→ **What is being asked**:
Copy out, unchanged, the entries below from the "China 2021 New" line to the final line. Omit pictures.

→ **Material shown**:

..............................

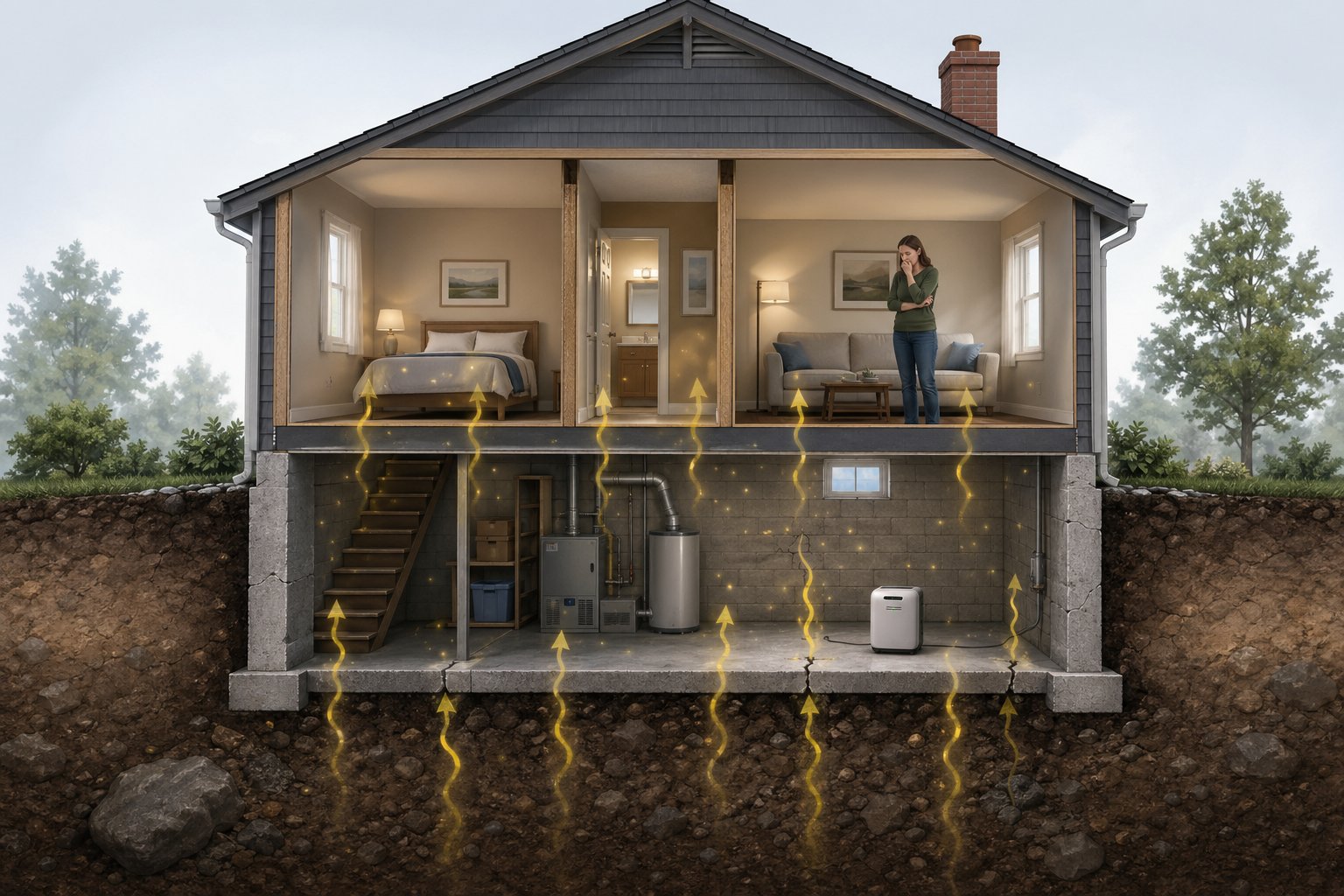 Tvärsnitt av ett hus som visar radongas som stiger från marken in i källaren och bostadsutrymmen.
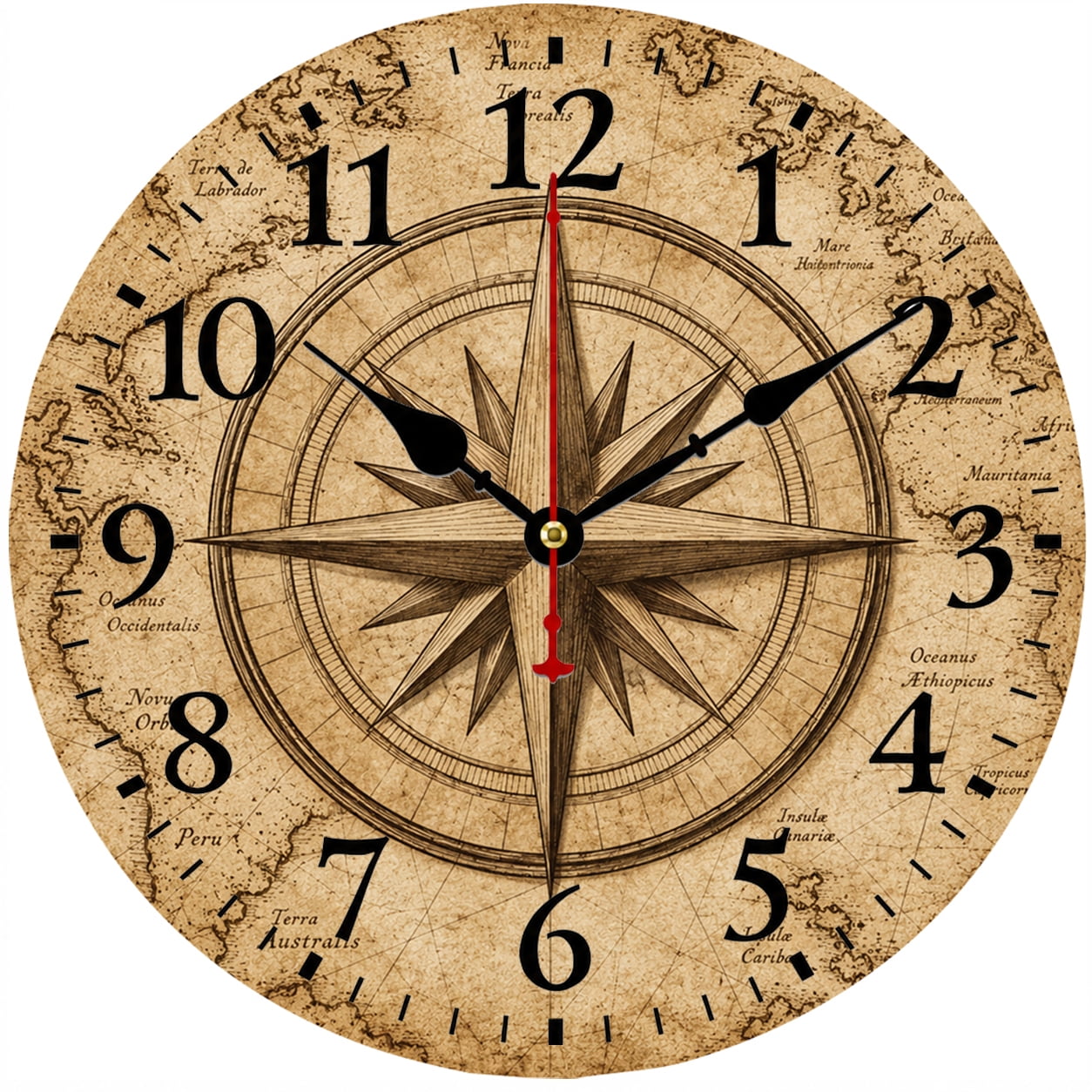9.84 Inch Vintage World Map Compass Wall Clock, Battery Operated Analog Nautical Clock, Rustic Wall Decor for Living Room, Office, Study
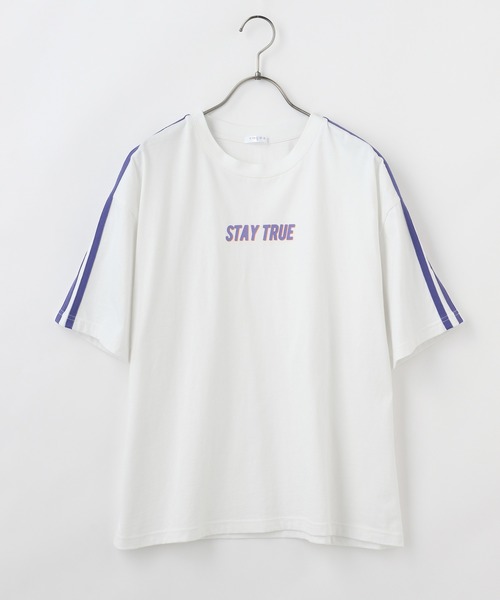 colza(コルザ)の「ライン入りTシャツ(Tシャツ/カットソー・レディース・ブラック/ホワイト×パープル/パープル/ホワイト/オレンジ・M/L/S)」の15枚目の写真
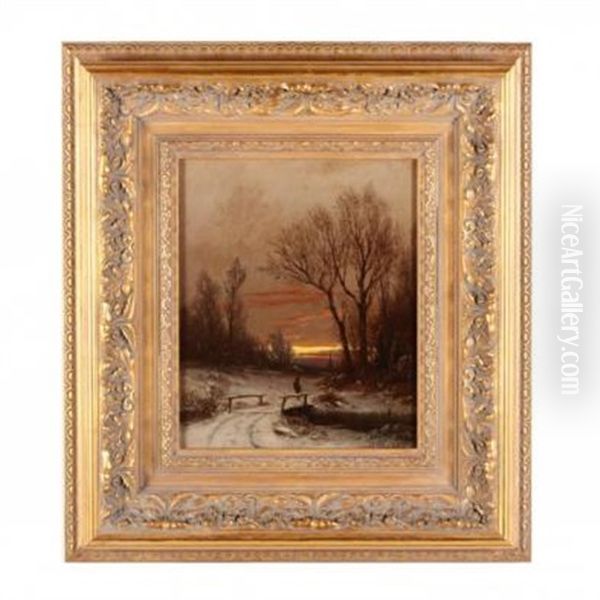 Winter's Eve Oil Painting by Carleton Wiggins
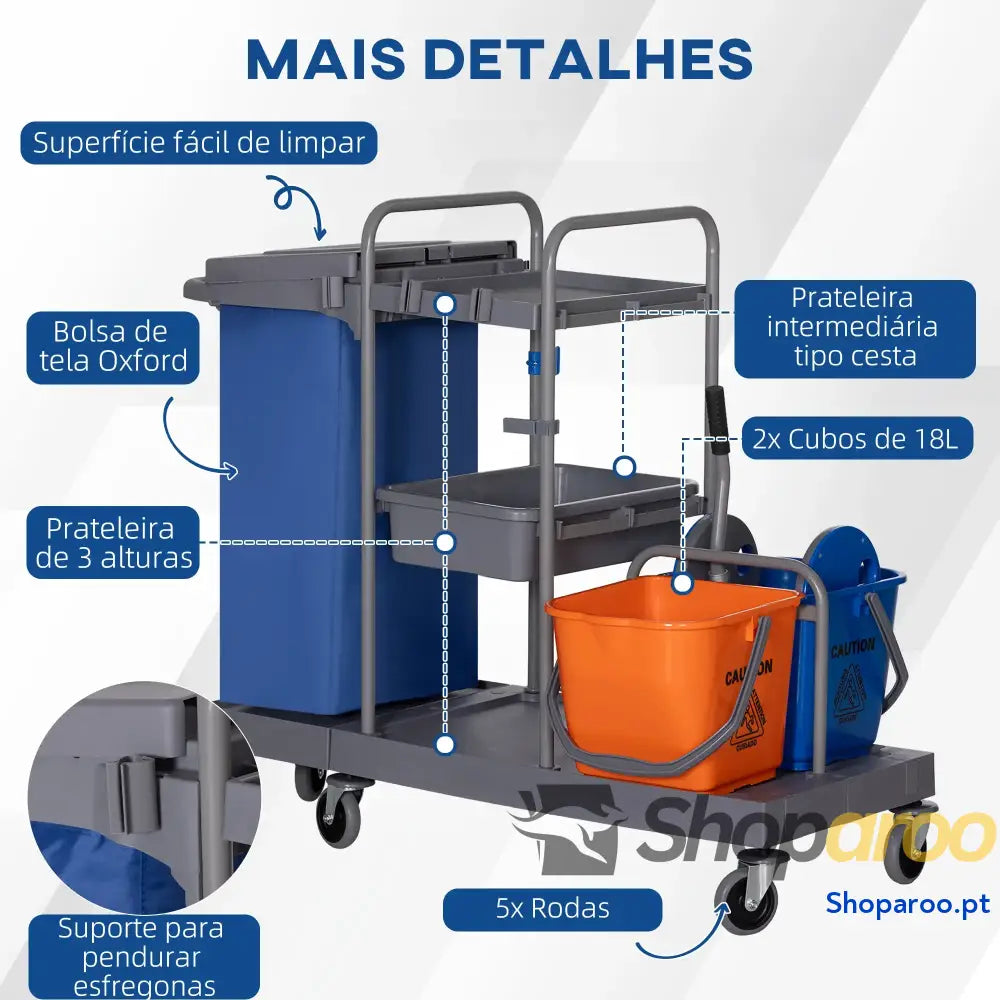 Carro de Limpeza Professional com Escorredor Alavanca e 2 Baldes 18L 111x63,3x103cm Cinza Azul Laranja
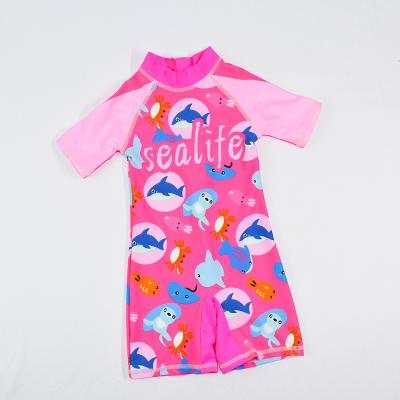 China 2021 New Girls Surfsuit Breathable Cartoon Printed Fashion One-piece Cute Swimsuit for sale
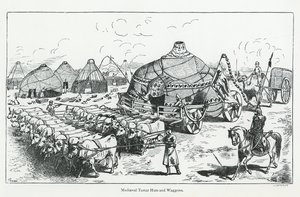 Medieval Tartar Huts and Wagons by English School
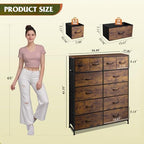 WLIVE 12 Drawer Tall Fabric Dresser Bedroom Storage Chest, Rustic Brown - Image 3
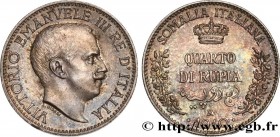 ITALIAN SOMALILAND
Type : 1/4 (Quarto) de Roupie Victor-Emmanuel III 
Date : 1910 
Mint name / Town : Rome 
Quantity minted : 400000 
Metal : silver 
...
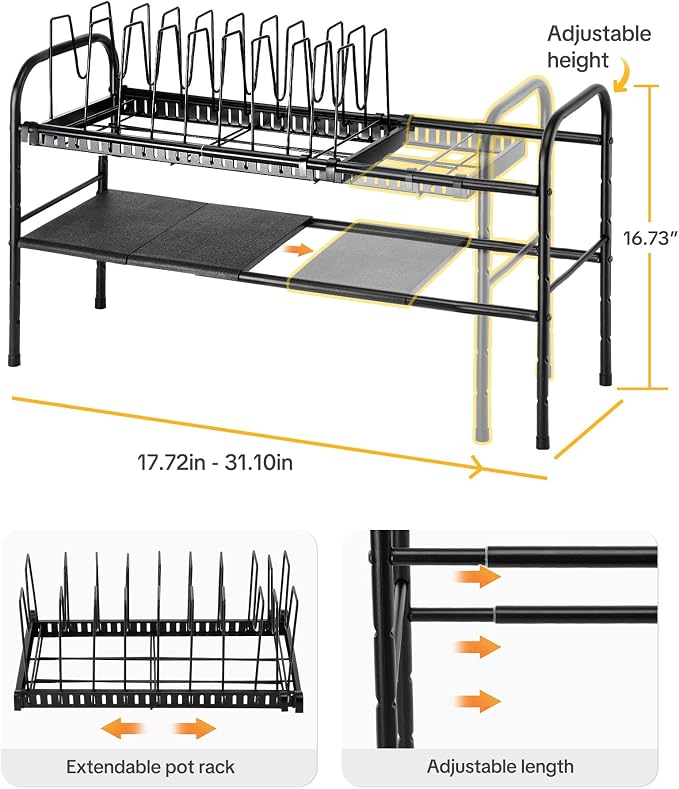 HULISEN Pots and Pans Organizer Under Cabinet, Expandable 2-Tier Pots and Pans Lid Storage Rack Holder with 10 Dividers, Adjustable Height Under Sink Organizer, Maximize Kitchen Storage Space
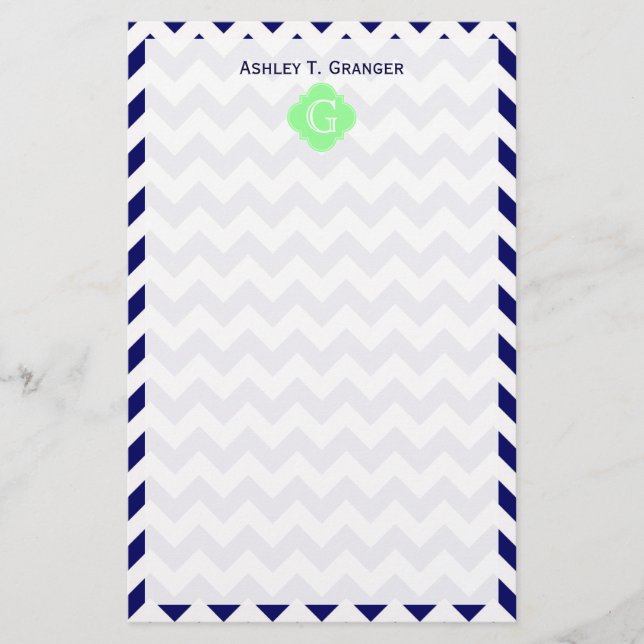 Navy White Chevron Mint Green Quatrefoil Monogram Stationery (Front)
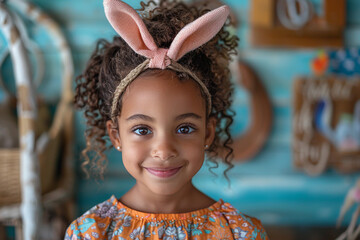 Criança com tiara de orelha de coelho.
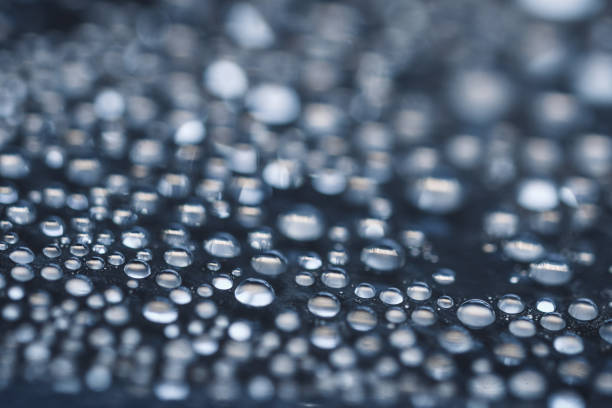 Closeup macro of water drops, background with copy space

..............................

→ **Your response**:
 China 2021 New Girls Surfsuit Breathable Cartoon Printed Fashion One-piece Cute Swimsuit for sale
 Medieval Tartar Huts and Wagons by English School
 WLIVE 12 Drawer Tall Fabric Dresser Bedroom Storage Chest, Rustic Brown - Image 3
 ITALIAN SOMALILAND
Type : 1/4 (Quarto) de Roupie Victor-Emmanuel III 
Date : 1910 
Mint name / Town : Rome 
Quantity minted : 400000 
Metal : silver 
...
 HULISEN Pots and Pans Organizer Under Cabinet, Expandable 2-Tier Pots and Pans Lid Storage Rack Holder with 10 Dividers, Adjustable Height Under Sink Organizer, Maximize Kitchen Storage Space
 Navy White Chevron Mint Green Quatrefoil Monogram Stationery (Front)
 Criança com tiara de orelha de coelho.
 Closeup macro of water drops, background with copy space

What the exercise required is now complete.